A New Way to Fight Blog Comment Spam

Spam in blog comments has become a problem in the blogosphere lately. Bloggers have been busy manually deleting entries, blocking IP addresses and some people have come up with comment spam filters that use keywords and such in a similar way as spam filters do.

Now here’s a thought: Comments are sent using forms on web pages and these pages are controlled by the blog owners – right? This means it is radically different from email spam, where the sender’s only connection to the recipient is knowing (or guessing) his or her email address.

I believe a solution to the problem would be to require the sender to do something “uniquely human”, similar to the image identification methods used by many free email services to fight of robot registrations.

As an example, a comment page could ask the commenter to “Click the image of the duck, the dog and the diamond to post your comment” and then display a selection of, say 9 pictures to choose from. These would again be selected randomly from a huge set of such pictures. If he or she gets the sequence right, the comment is posted, but fail to match the sequence in, say, 3 tries, and your comments are blocked. This is almost no additional hassle for the commenter, but is a task that – if the system is decently implemented – would be very hard for a spam program to get correctly.

11 comments

  1. Technically, that is an interesting and fun suggestion. Practically, however, it doesn’t achieve what you would like it to achieve.
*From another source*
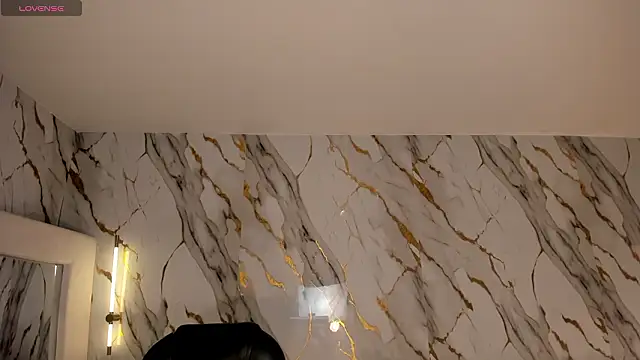 ValeriaVelvet online show from 02.23.26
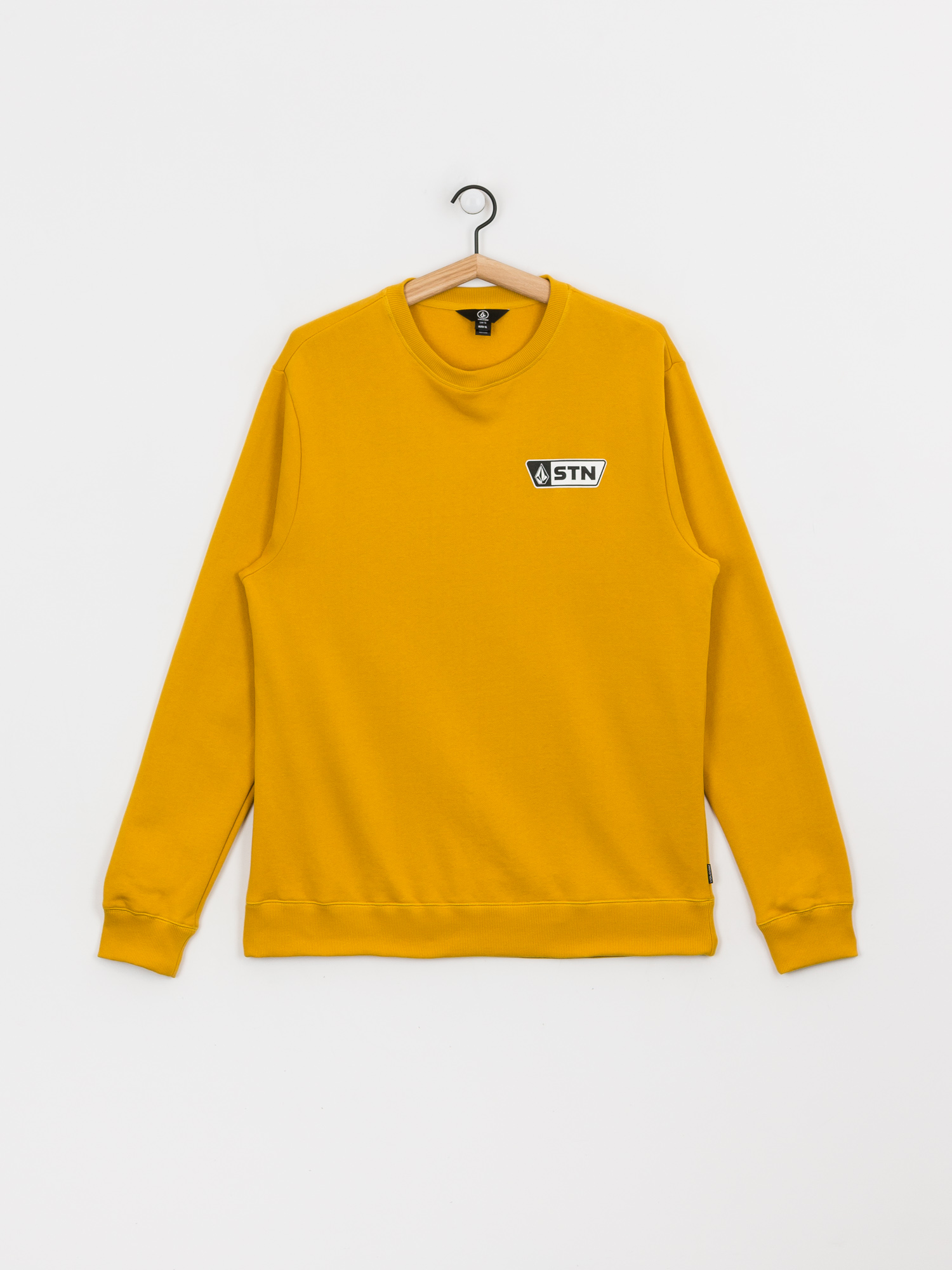 Bluza Volcom Supply Stone Crew (gold)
    In fact, using your test, OCR and image recognition technology would make some computers more human than blind (or partially sighted) people, users using text-based or aural browsers (lynx, JAWS, etc etc), or users on slow connections (who may prefer to browse with images off).

    There are better ways, but unfortunately assuming that people use the same methods of access that you do is not one of them…

  2. Good point Jay.

    While the groups you talk about are a miniscule part of the web surfers, their needs should obviously not be overlooked. As for the slow connections, a quick calculation tells me that this could be implemented using images that would be less than 1KB each (even as low as 100B by using b/w images).
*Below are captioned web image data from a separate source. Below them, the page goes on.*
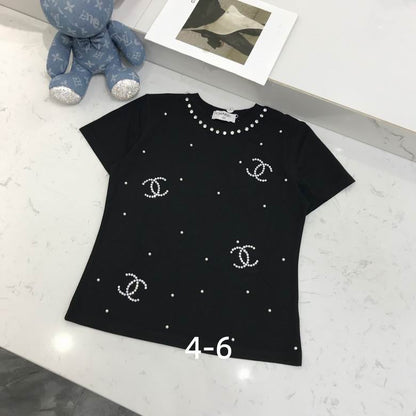 CHL Woman T- Shirt short sleeve 2 Color's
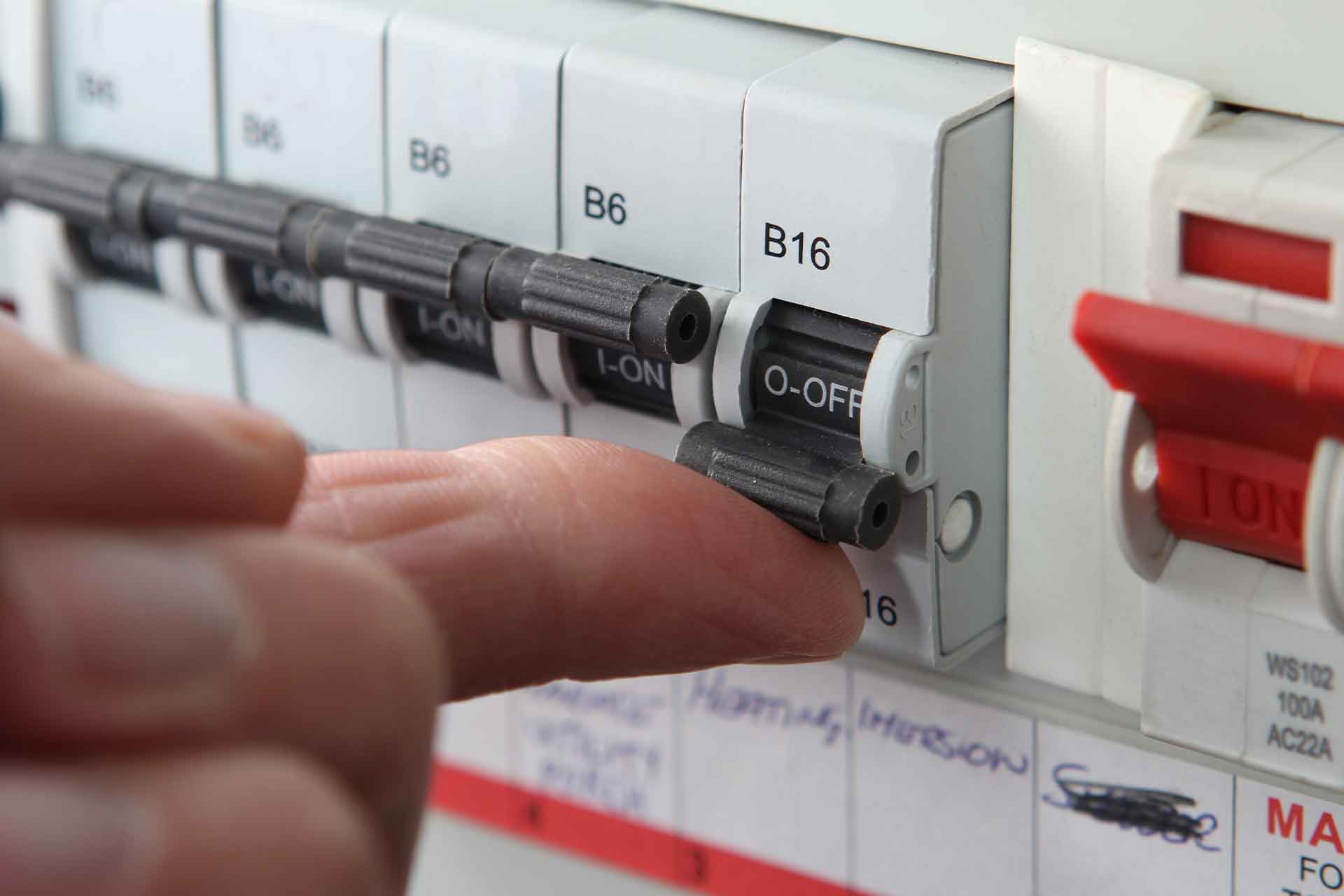 Consumer Unit Replacement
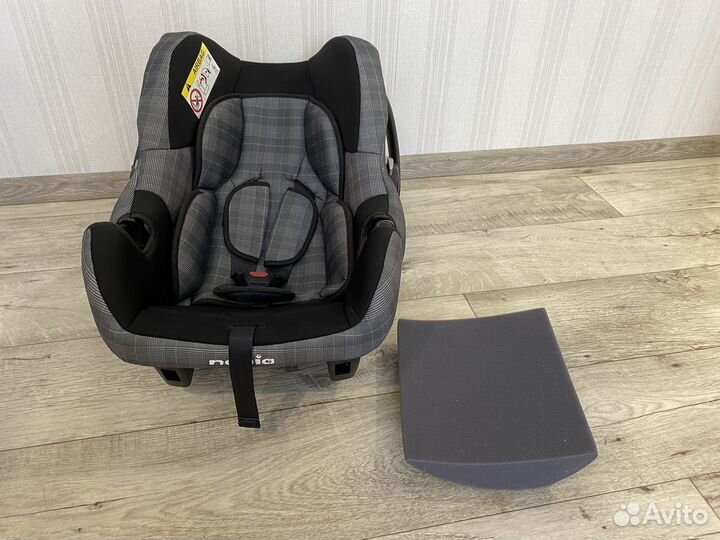 Автолюлька от 0 до 13кг Nania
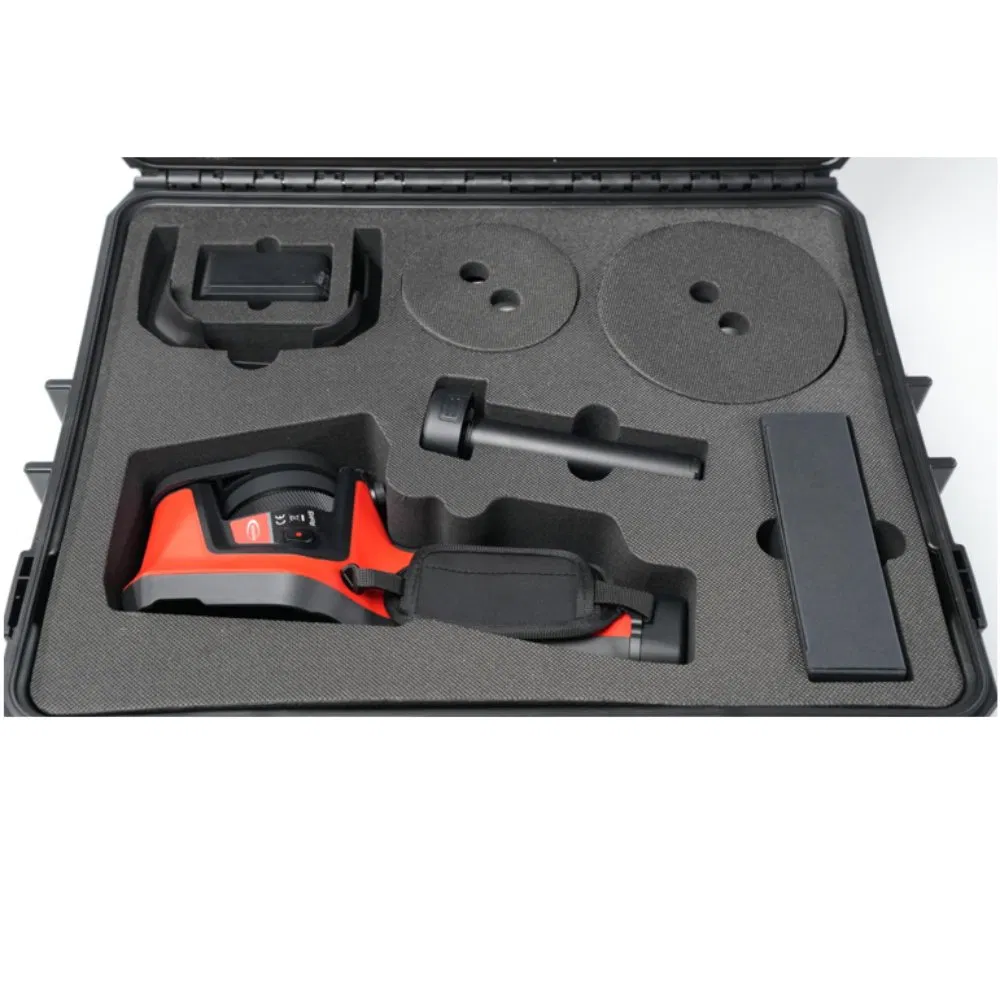 Rt630 Series Thermal Imaging Device with 35mk Netd and Voice Control for Efficient Temperature Difference Analysis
    A solution for the visually impaired could use oral hints instead of images, maybe: “type the common name of the animal that says MIAAAW”. A similar approach could probably be implemented for text browsers as well.

    So I still believe that this method could be used, even though the exact implementation may vary.
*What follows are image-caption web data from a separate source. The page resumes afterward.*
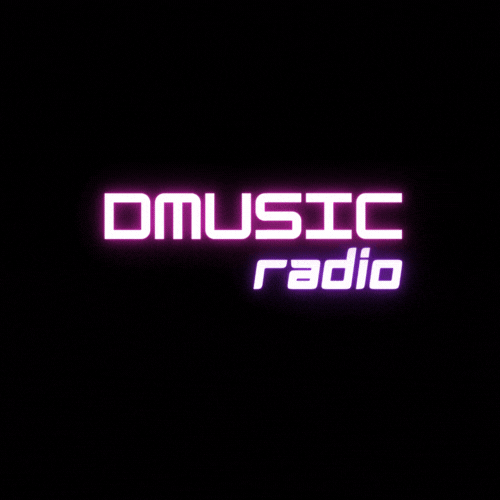 logo dmusic radio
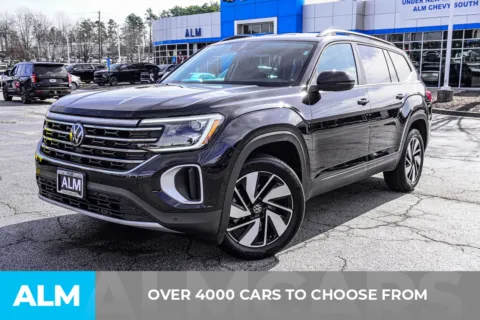 Photos of 2025 Volkswagen Atlas 2.0T SE w/Technology for sale in Union City, GA at ALM Chevrolet South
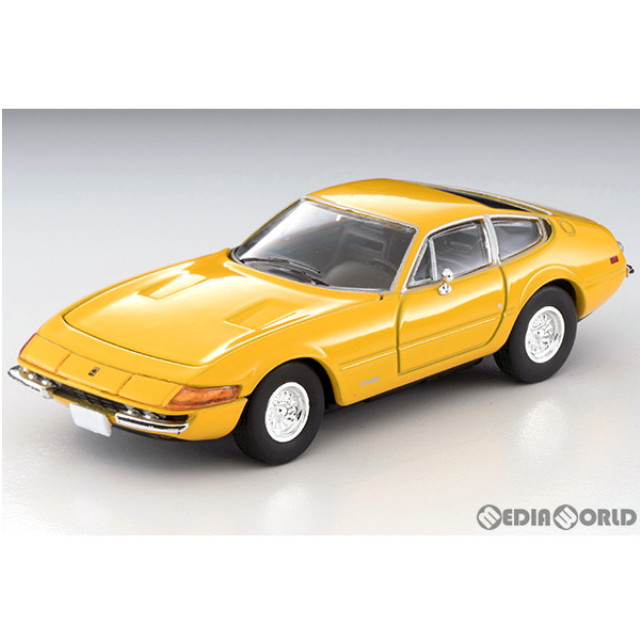 [MDL]トミカリミテッドヴィンテージ TLV フェラーリ 365 GTB4(黄) 1/64 完成品 ミニカー(312918) TOMYTEC(トミーテック)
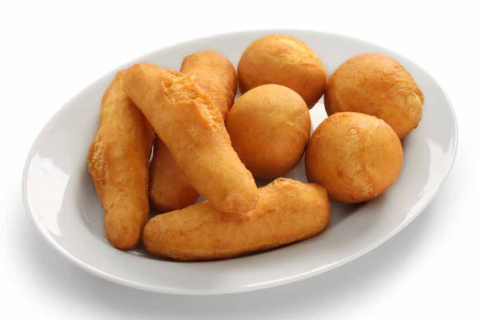 JAMAICA FESTIVAL DUMPLINGS Recipe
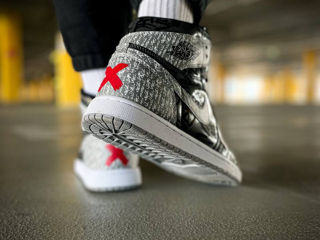 Nike Air Jordan 1 High OG Rebellionaire Unisex foto 8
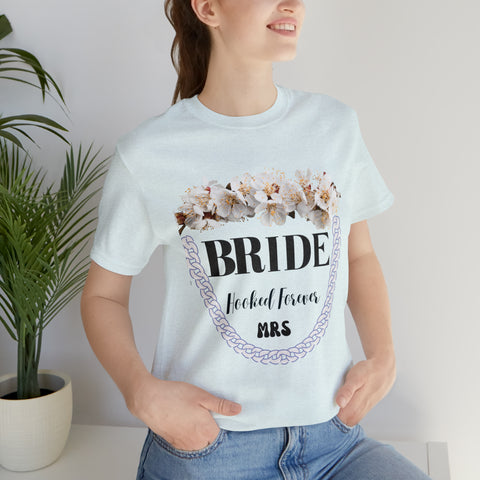Image of Funny Bridal Party T Shirts For Getting Ready Bridal Showers Wedding Dress-FrenzyAfricanFashion.com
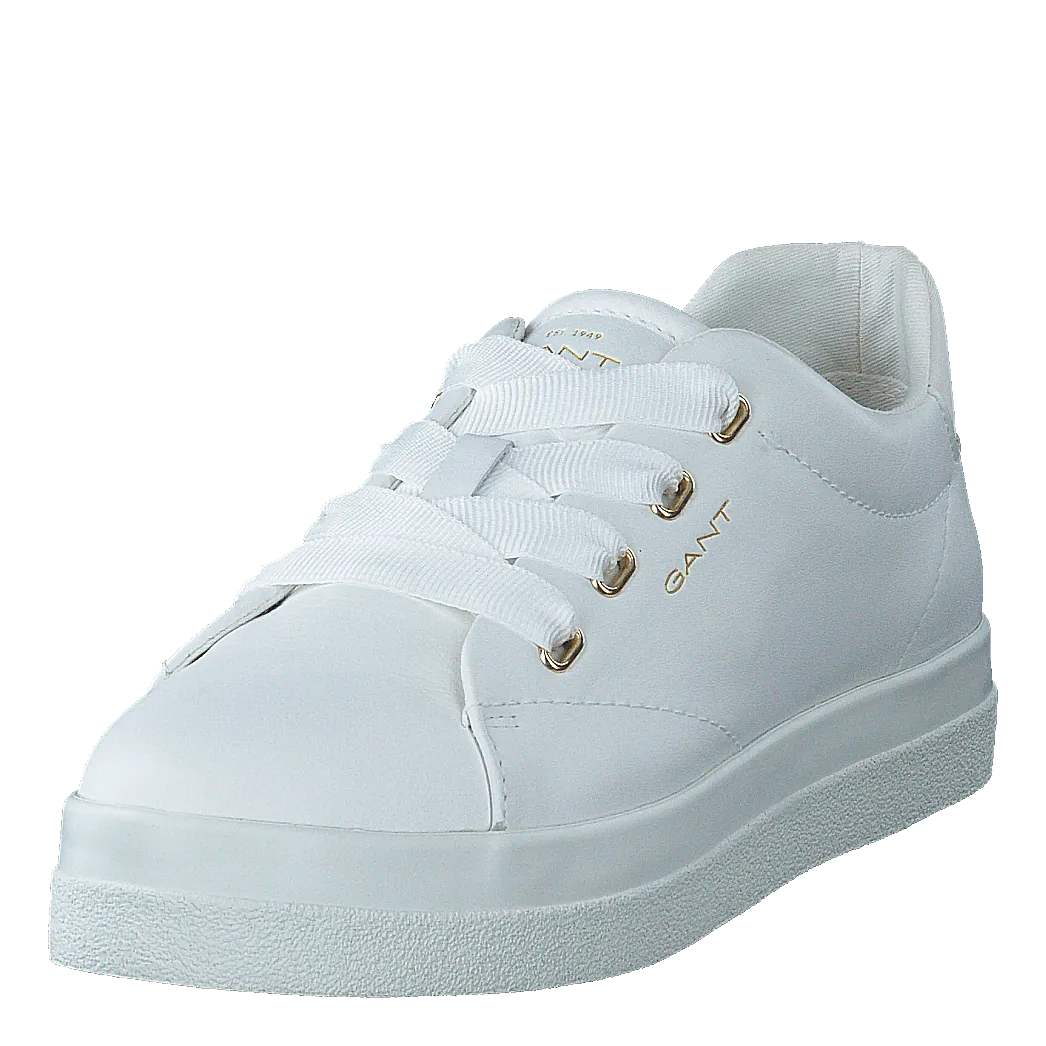 Avona Sneaker Bright White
  3. Indeed, offering MULTIPLE choices of rich-media test would be the way to go to make sure that you cover all the bases. Plus an easy email link to the site owner in case someone has trouble with the available choices….

  4. The assumption made when suggesting these types of systems (known as captchas) is that comment spam is left by automated bots. I don’t think that’s the case. There are several pieces of evidence that suggest comment spam is placed by real people, not machines. These people would have no problem clicking on the duck.

  5. Another interesting point. In this entry on your blog, I see your analysis of your log files, clearly indicating human behavior. Some of the discussions on comment spam (including some of the discussions on your blog), show that much of it is still being posted by robots.

    My take on this is that as long as what we’re up against is “only human”, it can be fought by us removing the spam as soon as we find it. That way the spammers will give up wasting their time and return to their natural habitat of email (or searching for new ways to bother the rest of us). Spam filters can certainly be used to help in this fight.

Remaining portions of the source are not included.